▸ Work task: Starting at the line with "Grace Jersey Stripe Lea Top, Black/White" and going on through the line with "Salmon with Lemon Dill Sauce", reproduce each line in the records below exactly and nothing more.

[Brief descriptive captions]
***

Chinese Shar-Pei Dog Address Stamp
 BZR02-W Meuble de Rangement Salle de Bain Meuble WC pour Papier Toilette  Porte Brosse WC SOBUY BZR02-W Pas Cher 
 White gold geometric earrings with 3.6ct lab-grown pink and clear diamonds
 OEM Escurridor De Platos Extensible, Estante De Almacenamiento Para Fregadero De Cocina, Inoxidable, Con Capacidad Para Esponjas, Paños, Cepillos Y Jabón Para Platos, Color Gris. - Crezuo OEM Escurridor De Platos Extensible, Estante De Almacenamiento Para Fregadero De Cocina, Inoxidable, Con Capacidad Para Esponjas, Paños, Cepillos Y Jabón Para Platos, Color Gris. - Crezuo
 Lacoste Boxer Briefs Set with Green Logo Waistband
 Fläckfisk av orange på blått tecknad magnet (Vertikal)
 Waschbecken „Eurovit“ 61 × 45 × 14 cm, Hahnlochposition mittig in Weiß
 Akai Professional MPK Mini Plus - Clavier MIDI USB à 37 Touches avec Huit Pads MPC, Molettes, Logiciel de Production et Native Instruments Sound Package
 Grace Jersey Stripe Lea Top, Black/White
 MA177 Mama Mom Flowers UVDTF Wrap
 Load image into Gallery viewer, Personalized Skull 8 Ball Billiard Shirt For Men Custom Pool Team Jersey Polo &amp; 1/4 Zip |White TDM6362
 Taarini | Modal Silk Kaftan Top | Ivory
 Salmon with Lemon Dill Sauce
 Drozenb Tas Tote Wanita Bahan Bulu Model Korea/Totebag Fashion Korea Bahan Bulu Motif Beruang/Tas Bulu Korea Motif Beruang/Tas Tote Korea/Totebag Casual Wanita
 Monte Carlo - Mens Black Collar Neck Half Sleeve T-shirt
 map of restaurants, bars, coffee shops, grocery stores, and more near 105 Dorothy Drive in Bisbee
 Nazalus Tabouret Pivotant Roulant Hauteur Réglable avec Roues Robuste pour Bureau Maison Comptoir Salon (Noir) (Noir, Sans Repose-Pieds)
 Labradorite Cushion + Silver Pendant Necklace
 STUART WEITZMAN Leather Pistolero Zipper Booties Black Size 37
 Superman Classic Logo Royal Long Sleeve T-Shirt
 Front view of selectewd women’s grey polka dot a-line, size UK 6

***

▸ Written solution:
 Grace Jersey Stripe Lea Top, Black/White
 MA177 Mama Mom Flowers UVDTF Wrap
 Load image into Gallery viewer, Personalized Skull 8 Ball Billiard Shirt For Men Custom Pool Team Jersey Polo &amp; 1/4 Zip |White TDM6362
 Taarini | Modal Silk Kaftan Top | Ivory
 Salmon with Lemon Dill Sauce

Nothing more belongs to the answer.